Sus hijas desaparecieron cuando se encontraba fuera del país

El pasado mes de agosto, Salagen S., miembro de la comunidad gitana rumana de Manchester, viajó a su país al objeto de asistir al funeral de un familiar. Cuando se encontraba en Rumanía recibió una comunicación de su hermano, que le informaba de la desaparición de una de sus hijas y que un individuo se había ofrecido a localizarla.

El padre de la menor formuló la correspondiente denuncia el 5 de septiembre de 2007 ante las autoridades británicas. Cinco días después compareció de nuevo ante la policía y manifestó que otra de sus hijas también había sido secuestrada.

El hermano fue testigo

El hermano pequeño de ambas niñas, fue testigo presencial de este segundo hecho y relató que tres individuos que llegaron a bordo de dos coches, un Volkswagen Golf y otro vehículo del que desconoce el modelo, introdujeron a su hermana por la fuerza en uno de los turismos.

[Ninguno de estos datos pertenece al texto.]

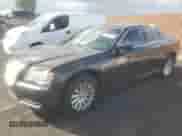 2012 Chrysler 300 с VIN 2C3CCAAG4CH216962, выставлен на аукционе Copart как лот 86149005 с пробегом 163 017 миль миль и Списание • Salvage title. История ставок и продаж доступна на DreamBid. Изображение 1.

Le amenazaron con que si no entregaba el dinero sus hijas serían explotadas sexualmente en el extranjero

Los secuestradores indicaron en un primer momento al padre de las chicas que debían encontrarse en Crowcroft Park, Longsight (Manchester) y le conminaron a entregar 10.000 libras para la devolución de sus hijas. Asimismo, le amenazaron que, de no pagar el rescate exigido, sus hijas serían explotadas sexualmente en el extranjero.

A raíz de estos hechos se produjeron diversos contactos telefónicos entre los secuestradores y el padre. En uno de ellos procedente de un número de teléfono de España, tuvo lugar una conversación con una de las niñas con la que los secuestradores demostraban que se encontraban con vida. En el transcurso de esta breve conversación telefónica, la menor relató a su padre que recibía palizas y malos tratos por parte de sus captores y que estaba retenida en España.